The government had hoped to sell PSM but has struggled to find buyers and faced opposition to the sale from the provincial Sindh government, as well as a powerful union which represents many of the 14,000 PSM workers.
Zubair said the government was still open to selling PSM but a long-term lease was now likely, with Chinese and Iranian companies showing “interest” in taking over the vast factory on the outskirts of Karachi.
“We will go for a 45-year lease and are targeting foreign investors, as well as local companies,” Zubair told Reuters by telephone.
He added the sale and any possible lease would have to be approved by the Privatisation Board and the Cabinet Committee.
The commission will hold investor roadshows in Lahore and Karachi next week to gauge local interest in PSM.
Zubair said some local companies had shown interest in the Mills but declined to name them.
Pakistan promised the International Monetary Fund that it would privatise PSM and Pakistan International Airlines (PIA) as part of the $6.7bn national bailout loan agreed in 2013.
Though the IMF programme finished in September, the government failed to privatise either in time.
While PIA remains operational, PSM has suffered decades of under-investment and would require huge upgrades to be competitive with steel makers in countries such as China.

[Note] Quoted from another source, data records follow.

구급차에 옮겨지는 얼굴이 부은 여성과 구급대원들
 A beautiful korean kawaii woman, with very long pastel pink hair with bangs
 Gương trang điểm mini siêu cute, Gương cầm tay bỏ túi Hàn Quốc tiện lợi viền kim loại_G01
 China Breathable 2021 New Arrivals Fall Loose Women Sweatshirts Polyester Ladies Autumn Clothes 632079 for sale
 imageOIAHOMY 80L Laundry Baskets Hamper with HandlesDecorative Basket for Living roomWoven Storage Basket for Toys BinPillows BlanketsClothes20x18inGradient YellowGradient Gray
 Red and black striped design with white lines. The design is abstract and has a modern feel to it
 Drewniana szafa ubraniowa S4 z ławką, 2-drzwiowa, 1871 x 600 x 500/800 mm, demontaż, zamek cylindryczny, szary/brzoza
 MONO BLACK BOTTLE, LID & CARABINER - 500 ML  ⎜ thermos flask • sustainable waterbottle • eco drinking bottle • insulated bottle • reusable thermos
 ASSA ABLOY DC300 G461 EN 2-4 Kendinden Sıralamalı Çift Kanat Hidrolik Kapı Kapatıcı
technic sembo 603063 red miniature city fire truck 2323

Zubair said the government was willing to offer a long lease as an incentive for investors to put money into modernising PSM.
“For a company like this, with so many liabilities and this kind of state, you have to make major structural changes, put in a new plant, get new equipment,” he said. “It makes sense to have a 45-year lease instead of 30 or less.” Earlier this year the federal government offered the provincial Sindh government a chance to take over PSM, but the Sindh government declined after months of deliberations.
Zubair said this process had delayed privatisation efforts and led to the commission restarting the process.